This is one of those one-in-a-million stories we all have. Somebody built some rad shit, it wound up tucked away somewhere in some guy’s pad, by chance it made its way to some other guy, and then it was re-invented into something roadworthy.
That’s the way the chopper universe works, sometimes. Jeff’s story isn’t unlike any of the others you’ve heard. We heard it and had a mixed reaction: one part “This lucky sonofabitch,” one part “Wait, what?” and one part, “Damn that’s sick.”
Try not to spit your beer out over this one.
Originally, this was a show bike built by Dave Polgreen for Born Free 3. Dave did all the fabrication work himself — stretched the original Knucklehead frame up and out two inches or so, built some nice clutch and brake controls and fabricated the killer two-piece sissybar.
If I’m not mistaken, John “Harpoon” Harpov out of Southern California did the paint.

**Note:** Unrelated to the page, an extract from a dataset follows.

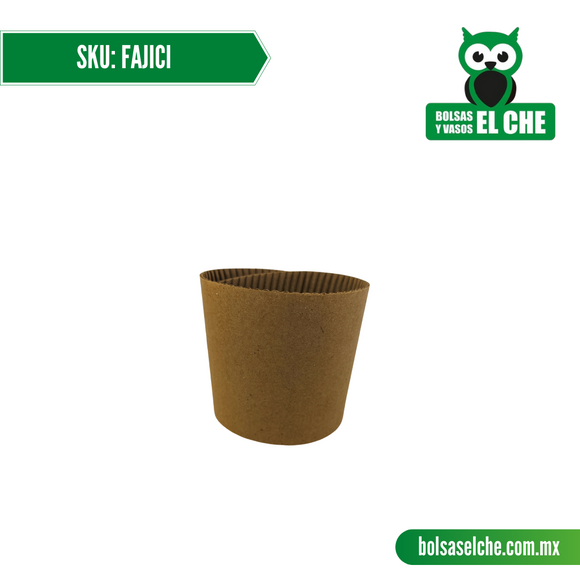 COD: FAJICI - FAJILLA Y/O CINTILLO PARA PROTECCION DE VASO CALIENTE - CARTON - CONTENIDO: 50 PZAS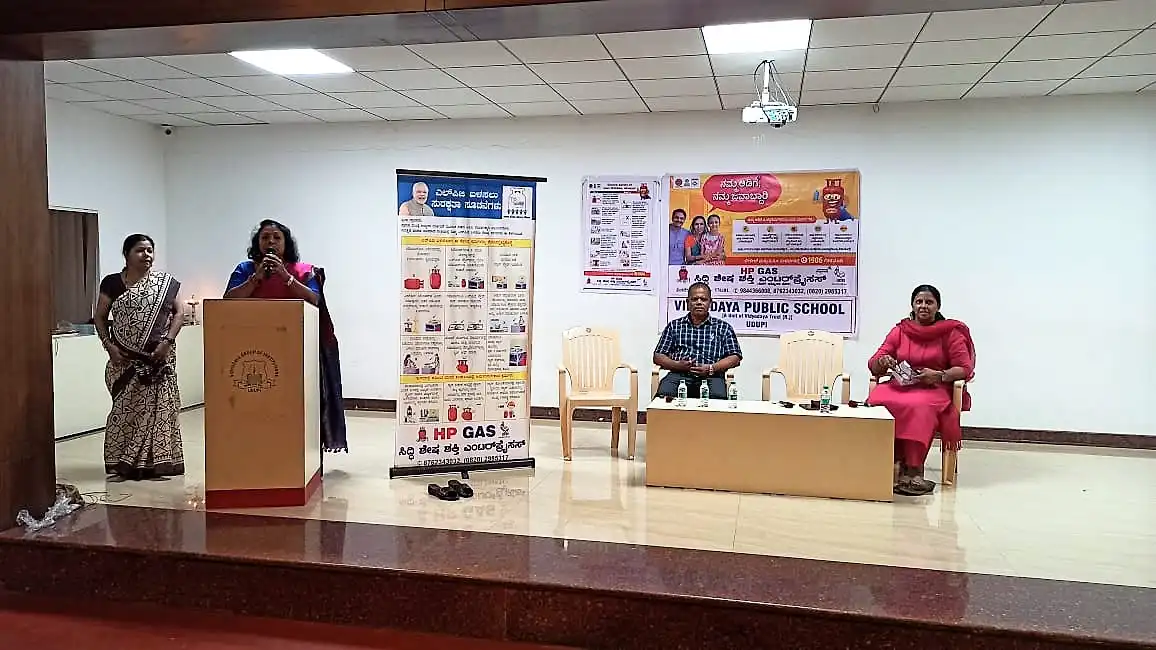 Vidyodaya Public Shcool Udupi - LPG Usage Awareness Programme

The bike originally had a dual-carb’d Knucklehead and a Harmon girder with 12-spoke American Racing magnesium wheels. It was an epic bike and build.
Eventually, Dave parted the bike out and my friend Ryan Grossman bought the chassis from him. Whenever I would go visit Ryan I would stay in his spare room, and leaning against the wall in that room was this epic nickel-plated chassis.
Ryan had also gotten a 20-over Mickey's springer and a 21-inch spool wheel to go with the project, and it all sat in his spare bedroom. Every time I would wake up in that room, usually incredibly hungover, I'd stare at that chassis and imagine how epic that bike would be.
Then I'd harass Ryan about it, saying, "You don't want to build Dave's old bike! Think of how embarrassing that would be for you!" Basically, I’d just sit there trying to give him a reason to sell me the project.
That went on for about seven years. I was relentless. Every time I saw the chassis I would dig into Ryan about it, but he would always blow me off.
Then one day out of nowhere Ryan called me up and said "You still want that Polgreen chassis?" And we finally made a deal on it.
I was living in Nashville at the time and Born-Free Co-Founder Grant Peterson was kind enough to deliver the chassis to me on his way to The Race of Gentlemen in New Jersey. I had a 47 FL motor and 47 trans waiting and the bike came together pretty quickly.
Dave had already done all of the fabrication, so it was a pretty straightforward build. The only thing the bike was missing was the original Harpoon painted tank which was hanging on a wall in Dave's shop.
To be honest, I didn't even make a play on the tank — I had a chrome Wassell tank hanging on my wall and knew it would look good. My friend Jeremy “Raddy” Radford helped me assemble and get the bike dialed in over a few dozen beers, and that's how the Nickel Knuckle was given a second life.